* [PATCH v2] treewide: By default, don't quit source after migration, keep sockets open
@ 2025-07-22 21:12 Stefano Brivio
2025-07-23 0:22 ` David Gibson
0 siblings, 1 reply; 2+ messages in thread
From: Stefano Brivio @ 2025-07-22 21:12 UTC (permalink / raw)
To: passt-dev; +Cc: David Gibson, Nir Dothan
We are hitting an issue in the KubeVirt integration where some data is
still sent to the source instance even after migration is complete. As
we exit, the kernel closes our sockets and resets connections. The
resulting RST segments are sent to peers, effectively terminating
connections that were meanwhile migrated.
At the moment, this is not done intentionally, but in the future
KubeVirt might enable OVN-Kubernetes features where source and
destination nodes are explicitly getting mirrored traffic for a while,
in order to decrease migration downtime.
By default, don't quit after migration is completed on the source: the
previous behaviour can be enabled with the new, but deprecated,
--migrate-exit option.
Also, by default, keep migrated TCP sockets open (in repair mode) as
long as we're running, and ignore events on any epoll descriptor
representing data channels. The previous behaviour can be enabled with
the new, equally deprecated, --migrate-no-linger option.
By keeping sockets open, and not exiting, we prevent the kernel
running on the source node to send out RST segments if further data
reaches us.
Reported-by: Nir Dothan <ndothan@redhat.com>
Signed-off-by: Stefano Brivio <sbrivio@redhat.com>
---
v2:
- assorted changes in commit message
- context variable ignore_linger becomes ignore_no_linger
- new options are deprecated
- don't ignore events on some descriptors, drop them from epoll
conf.c | 22 ++++++++++++++++++++++
flow.c | 2 +-
passt.1 | 24 ++++++++++++++++++++++++
passt.h | 4 ++++
tcp.c | 9 +++++++--
tcp_conn.h | 3 ++-
test/lib/setup | 4 ++--
vhost_user.c | 8 ++++++--
8 files changed, 68 insertions(+), 8 deletions(-)

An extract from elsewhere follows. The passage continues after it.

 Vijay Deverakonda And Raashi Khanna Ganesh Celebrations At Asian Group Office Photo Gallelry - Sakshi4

diff --git a/conf.c b/conf.c
index 6c747aa..f47f48e 100644
--- a/conf.c
+++ b/conf.c
@@ -864,6 +864,14 @@ static void usage(const char *name, FILE *f, int status)
FPRINTF(f,
" --repair-path PATH path for passt-repair(1)\n"

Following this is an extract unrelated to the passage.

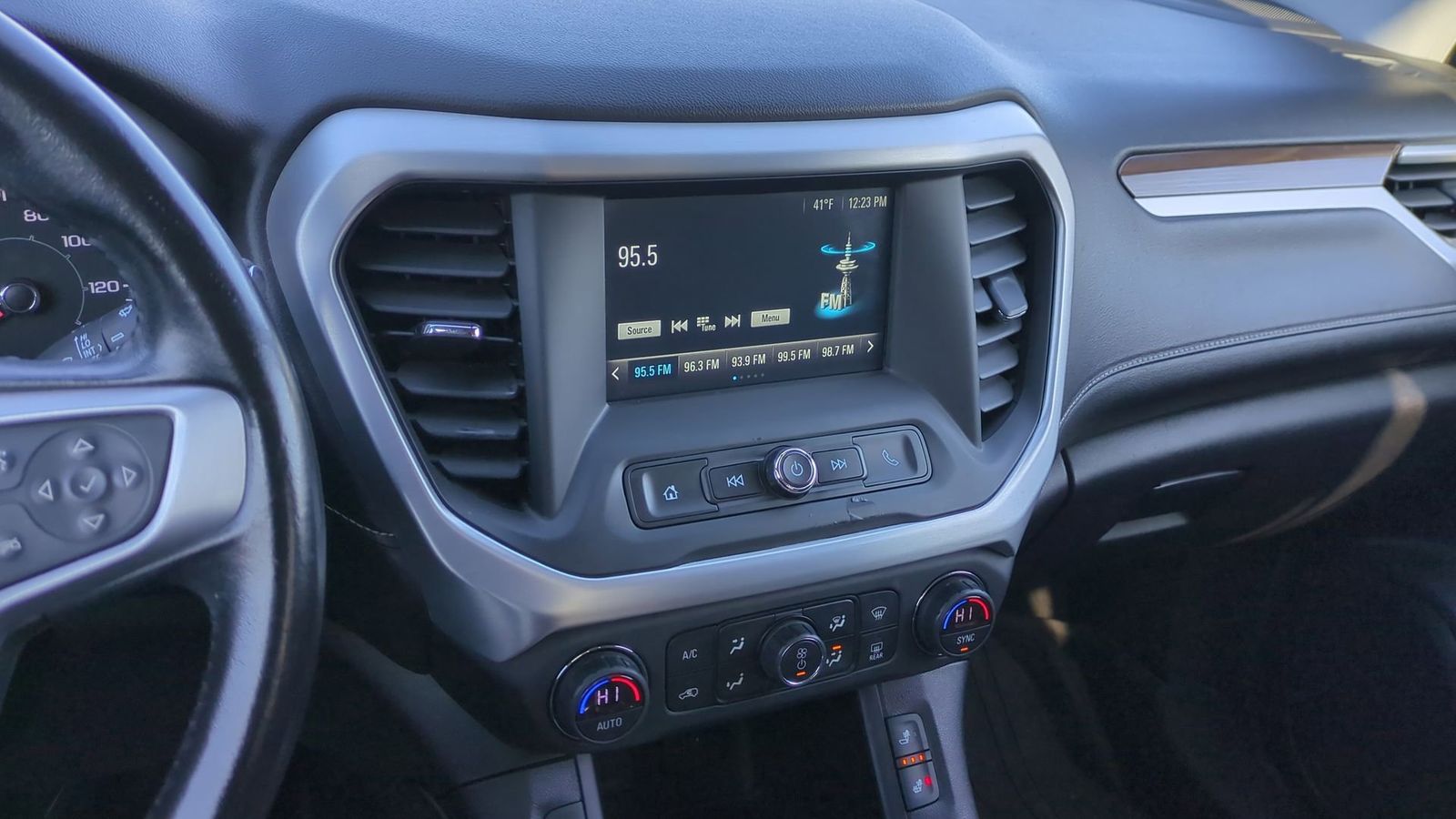 Thumbnail: 2019 GMC Acadia - 28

" default: append '.repair' to UNIX domain path\n");
+ FPRINTF(f,
+ " --migrate-exit DEPRECATED:\n"
+ " source quits after migration\n"
+ " default: source keeps running after migration\n");
+ FPRINTF(f,
+ " --migrate-no-linger DEPRECATED:\n"
+ " close sockets on migration\n"
+ " default: keep sockets open, ignore events\n");
}
FPRINTF(f,
@@ -1470,6 +1478,8 @@ void conf(struct ctx *c, int argc, char **argv)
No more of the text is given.